Queer and Loathing on the Yellow Brick Road
Queer is the only way to accurately describe this novel. It is playful, bold, risqué, but ultimately, in my opinion, boring. The story takes off a few years after The Wizard of Oz ends; Dorothy has inexplicably and regretfully returned to Victorian USA from Oz and has been prostituting herself to raise funds to return to the Kansas farm where the gateway to Oz is located. One night, she is arrested and finds herself in a cell with Frannie, aka Frank, aka Toto. Frank is a transvestite bisexual with an intersex wife and a remarkable history of his own. In a road-trip across the country, these two friends swap their life stories. Although the novel is sometimes shocking and amusing, the playfulness of the conversations cannot hide the flatness of the plot.
Dorothy tells of her first adventure: a crush on Glinda, her trip down the Yellow Brick Road with Scar and Leon to find clockwork penises, and a narrow escape from the witch Elfa and her Fetish Forrest. There’s even bestiality; at one point, Dorothy tells Frank:
The more I saw and heard, the more that damn Elfa was pissing me off. Granted, I didn’t think most of the Mounties had been stellar human beings to begin with, but to be turned into humping monkeys just to satisfy her libido – not to mention her ego?
That bitch was going down. I just had to figure out how.

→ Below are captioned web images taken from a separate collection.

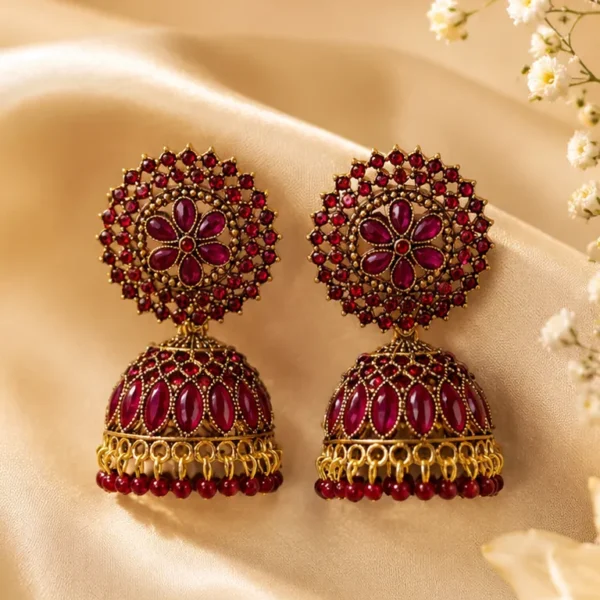 Heavy Maroon Stone Jhumka Earrings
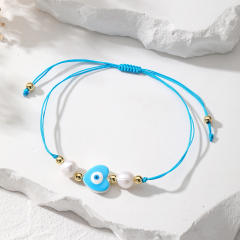 Summer colorful string heart evil eye slide bracelet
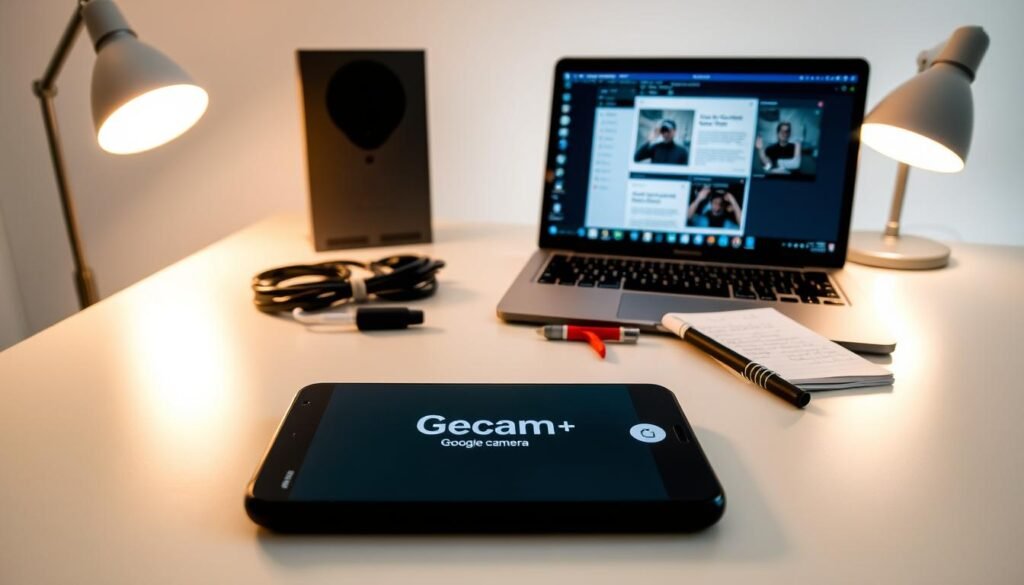 A well-organized workspace for preparing to install the Google Camera (GCam) on a Xiaomi device, featuring a sleek modern desk in a softly lit room. In the foreground, a Xiaomi smartphone with an open screen displaying the GCam app, alongside a laptop showing instructional guides. In the middle background, tools for smartphone modifications, such as USB cables, a small screwdriver set, and a notepad with handwritten notes, create an atmosphere of focus and ambition. The warm glow of desk lamps casts gentle lighting, enhancing the tech-savvy vibe. The overall mood is one of anticipation and excitement, as tech enthusiasts prepare for an innovative photography upgrade.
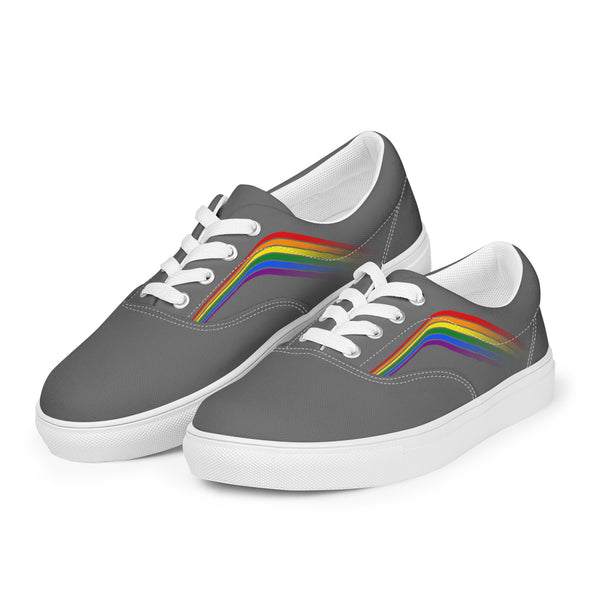 Trendy Gay Pride Colors Gray Lace-up Shoes - Women Sizes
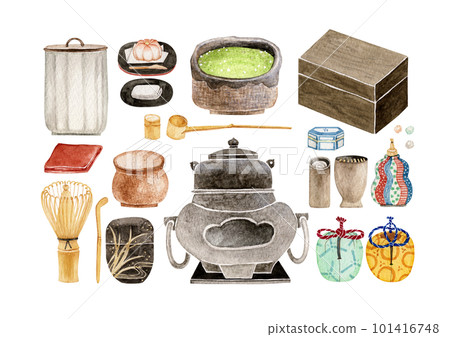 A set of tea ceremony utensils watercolor illustration 101416748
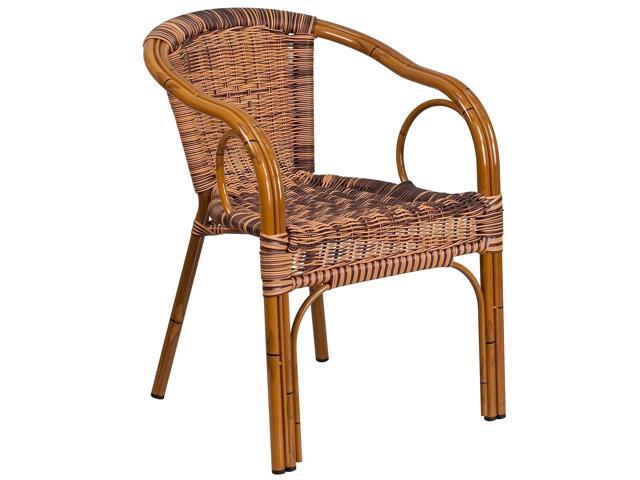 Cadiz Series Dark Red Bamboo-Aluminum Indoor-Outdoor Restaurant-Patio Chair with Burning Brown Rattan
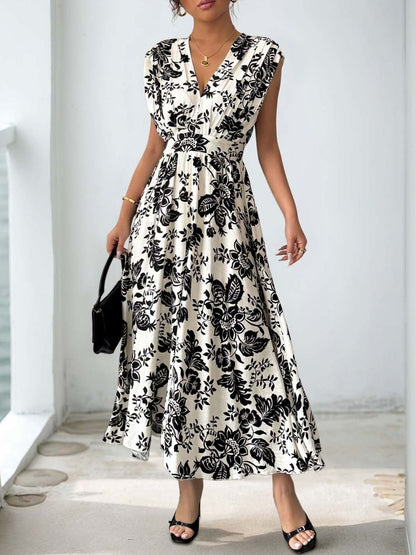 Floral Print Fit & Flare Midi Dress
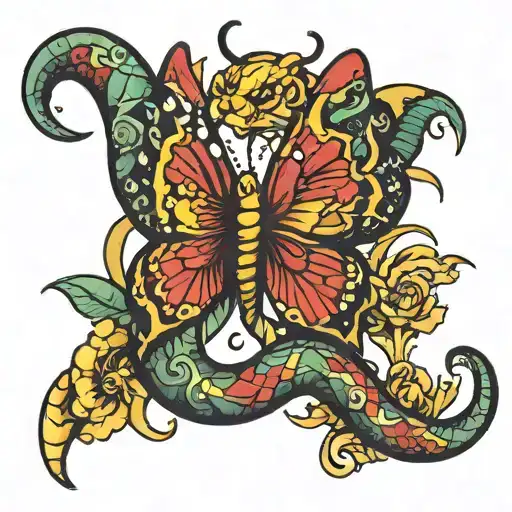 Half Snake Half Butterfly With Lighting Bolt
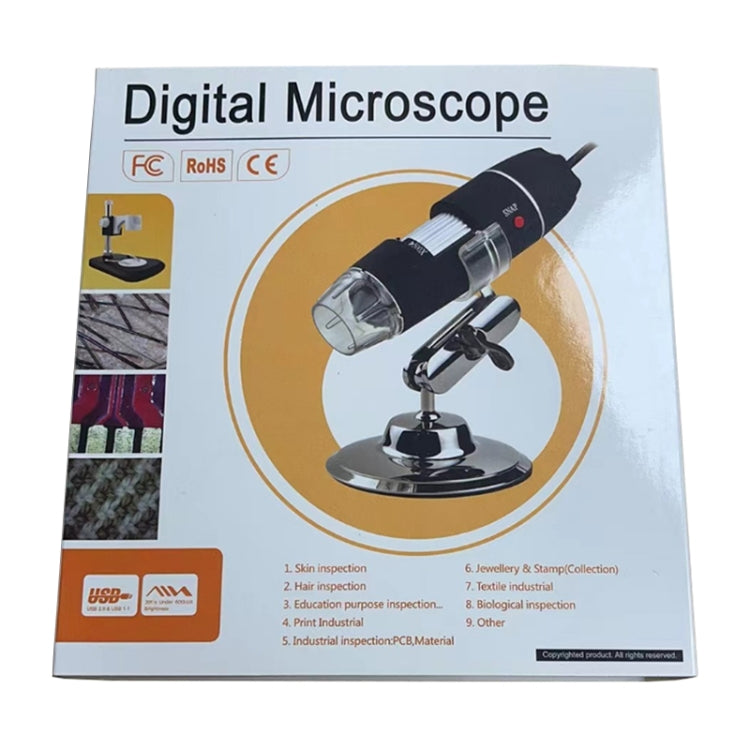 Microscopio digitale USB 2.0 1,3MP 500X con 8 LED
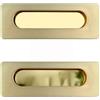 KUMGROT 2 maniglie per porte tascabili da incasso, per porta scorrevole, maniglia per porta nascosta, per armadio, porta fienile, 96 mm, foro centrale oro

The idea of putting a playful, queer twist on the Oz story had a lot of appeal initially, but as the novel went on I couldn’t help but realise that it was really more style than substance or plot. Although the author sets up some interesting scenarios and obstacles for Dorothy and her friends, each adventure peters out into something much less exciting than one hopes for.
Meanwhile, in a postmodern twist, Frank’s story, loosely based on L. Frank Baum’s biography, offers explanations for real events in Baum’s life. Frank claims that his exile to military school was a consequence of a homosexual encounter, and he even attempts to explain Baum’s racism towards Native Americans in terms of jealousy towards his wife’s ex-lover. Although Frank’s part of the novel deals with homophobia and gender issues, they do not relate to either the Victorian period of Baum’s life or to current times but something in-between which results in lack of relevance. Towards the end of the novel, he admits to Dorothy that he has turned her story into a children’s novel, giving their fantastic road-trip story an almost metafictional twist.

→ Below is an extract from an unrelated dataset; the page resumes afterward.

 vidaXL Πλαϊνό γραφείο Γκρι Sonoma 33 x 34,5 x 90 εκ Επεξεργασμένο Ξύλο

The most disappointing thing about this novel is Dorothy’s return to Oz. The author tries to cram in another adventure for Dorothy by creating a Munchkin rebellion in which Glinda seeks Dorothy’s help. But there is simply not enough of a connection between the characters to sustain interest in what turns out to be a very boring rebellion. The reader, along with Dorothy, quickly becomes disillusioned with Glinda, yet the relationships that succeed this primary love interest are flat and unconvincing.

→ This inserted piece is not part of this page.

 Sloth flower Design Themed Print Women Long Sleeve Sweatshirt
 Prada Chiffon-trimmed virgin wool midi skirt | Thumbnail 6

Overall, Queer and Loathing is a very disappointing book. The novelty and promise of queerness is too much of a burden for the disappointing plotline to really let the narrative develop. The characters and their exploits seem to be mere pretexts for all the sex-toys and glitter. I’d recommend Queer and Loathing if you are an aspiring writer looking for something a bit different to play with, and if you have an interest in postmodernism, intertextuality and queerness. As a novel for the average reader, it wouldn’t be worth the RRP.